═══ DATA FOR REVIEW

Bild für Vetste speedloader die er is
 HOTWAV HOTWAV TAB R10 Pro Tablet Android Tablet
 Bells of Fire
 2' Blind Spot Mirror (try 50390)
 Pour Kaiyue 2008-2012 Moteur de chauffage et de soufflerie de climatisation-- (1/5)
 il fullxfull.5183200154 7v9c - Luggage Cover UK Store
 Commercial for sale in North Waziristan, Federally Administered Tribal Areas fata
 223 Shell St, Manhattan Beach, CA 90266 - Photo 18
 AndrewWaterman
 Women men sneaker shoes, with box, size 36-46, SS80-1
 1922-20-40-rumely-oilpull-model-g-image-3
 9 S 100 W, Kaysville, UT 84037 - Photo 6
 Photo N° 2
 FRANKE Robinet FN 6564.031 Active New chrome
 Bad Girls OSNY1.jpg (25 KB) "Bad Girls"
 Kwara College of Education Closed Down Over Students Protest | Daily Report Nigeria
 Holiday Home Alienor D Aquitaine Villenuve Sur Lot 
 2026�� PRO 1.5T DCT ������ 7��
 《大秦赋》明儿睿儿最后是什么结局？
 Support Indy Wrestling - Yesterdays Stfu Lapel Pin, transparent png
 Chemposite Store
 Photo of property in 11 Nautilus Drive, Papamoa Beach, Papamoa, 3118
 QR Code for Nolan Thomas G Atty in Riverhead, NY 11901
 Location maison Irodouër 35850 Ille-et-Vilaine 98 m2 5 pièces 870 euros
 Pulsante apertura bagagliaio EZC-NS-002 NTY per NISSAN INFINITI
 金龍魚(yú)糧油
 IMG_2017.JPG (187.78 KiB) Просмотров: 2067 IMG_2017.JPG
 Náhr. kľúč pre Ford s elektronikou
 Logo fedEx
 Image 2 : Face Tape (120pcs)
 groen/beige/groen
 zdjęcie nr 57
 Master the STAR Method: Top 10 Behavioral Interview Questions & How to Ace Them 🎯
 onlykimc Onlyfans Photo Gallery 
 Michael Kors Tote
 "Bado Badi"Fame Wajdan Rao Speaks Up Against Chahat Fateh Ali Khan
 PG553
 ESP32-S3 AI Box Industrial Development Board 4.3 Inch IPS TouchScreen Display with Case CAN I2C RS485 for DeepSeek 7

══════

## WHAT IS EXPECTED
From the entries above, extract only the lines running from the one containing "Bells of Fire" through the one containing "Women men sneaker", inclusive.

## RESULT OF THIS TASK
 Bells of Fire
 2' Blind Spot Mirror (try 50390)
 Pour Kaiyue 2008-2012 Moteur de chauffage et de soufflerie de climatisation-- (1/5)
 il fullxfull.5183200154 7v9c - Luggage Cover UK Store
 Commercial for sale in North Waziristan, Federally Administered Tribal Areas fata
 223 Shell St, Manhattan Beach, CA 90266 - Photo 18
 AndrewWaterman
 Women men sneaker shoes, with box, size 36-46, SS80-1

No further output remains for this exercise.